#### RECORDED INFORMATION

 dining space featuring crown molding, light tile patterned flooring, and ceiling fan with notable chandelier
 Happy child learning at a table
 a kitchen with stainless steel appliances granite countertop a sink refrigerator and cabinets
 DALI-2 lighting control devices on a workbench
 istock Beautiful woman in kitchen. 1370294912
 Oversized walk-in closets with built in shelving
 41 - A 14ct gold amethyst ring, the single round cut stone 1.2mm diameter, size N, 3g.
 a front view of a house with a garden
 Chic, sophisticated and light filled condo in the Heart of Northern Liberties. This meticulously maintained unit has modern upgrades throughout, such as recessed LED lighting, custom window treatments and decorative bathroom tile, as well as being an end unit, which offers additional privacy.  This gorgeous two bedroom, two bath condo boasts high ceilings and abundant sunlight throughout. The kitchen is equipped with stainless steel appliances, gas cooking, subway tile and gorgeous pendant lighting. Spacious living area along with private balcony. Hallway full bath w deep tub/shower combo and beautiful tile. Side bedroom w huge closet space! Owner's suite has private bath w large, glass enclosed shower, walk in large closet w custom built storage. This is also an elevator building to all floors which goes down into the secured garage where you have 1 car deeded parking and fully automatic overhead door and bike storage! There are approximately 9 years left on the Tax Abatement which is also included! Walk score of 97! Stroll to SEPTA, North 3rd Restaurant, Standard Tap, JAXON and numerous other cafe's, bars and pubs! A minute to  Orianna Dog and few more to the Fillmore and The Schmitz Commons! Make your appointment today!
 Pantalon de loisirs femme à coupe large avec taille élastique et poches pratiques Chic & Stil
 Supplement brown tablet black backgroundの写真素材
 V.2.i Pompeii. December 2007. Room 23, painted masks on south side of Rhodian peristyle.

#### TASK BRIEF
Look at the entries above. Then set all of them down again exactly.

#### ANSWER SPACE
 dining space featuring crown molding, light tile patterned flooring, and ceiling fan with notable chandelier
 Happy child learning at a table
 a kitchen with stainless steel appliances granite countertop a sink refrigerator and cabinets
 DALI-2 lighting control devices on a workbench
 istock Beautiful woman in kitchen. 1370294912
 Oversized walk-in closets with built in shelving
 41 - A 14ct gold amethyst ring, the single round cut stone 1.2mm diameter, size N, 3g.
 a front view of a house with a garden
 Chic, sophisticated and light filled condo in the Heart of Northern Liberties. This meticulously maintained unit has modern upgrades throughout, such as recessed LED lighting, custom window treatments and decorative bathroom tile, as well as being an end unit, which offers additional privacy.  This gorgeous two bedroom, two bath condo boasts high ceilings and abundant sunlight throughout. The kitchen is equipped with stainless steel appliances, gas cooking, subway tile and gorgeous pendant lighting. Spacious living area along with private balcony. Hallway full bath w deep tub/shower combo and beautiful tile. Side bedroom w huge closet space! Owner's suite has private bath w large, glass enclosed shower, walk in large closet w custom built storage. This is also an elevator building to all floors which goes down into the secured garage where you have 1 car deeded parking and fully automatic overhead door and bike storage! There are approximately 9 years left on the Tax Abatement which is also included! Walk score of 97! Stroll to SEPTA, North 3rd Restaurant, Standard Tap, JAXON and numerous other cafe's, bars and pubs! A minute to  Orianna Dog and few more to the Fillmore and The Schmitz Commons! Make your appointment today!
 Pantalon de loisirs femme à coupe large avec taille élastique et poches pratiques Chic & Stil
 Supplement brown tablet black backgroundの写真素材
 V.2.i Pompeii. December 2007. Room 23, painted masks on south side of Rhodian peristyle.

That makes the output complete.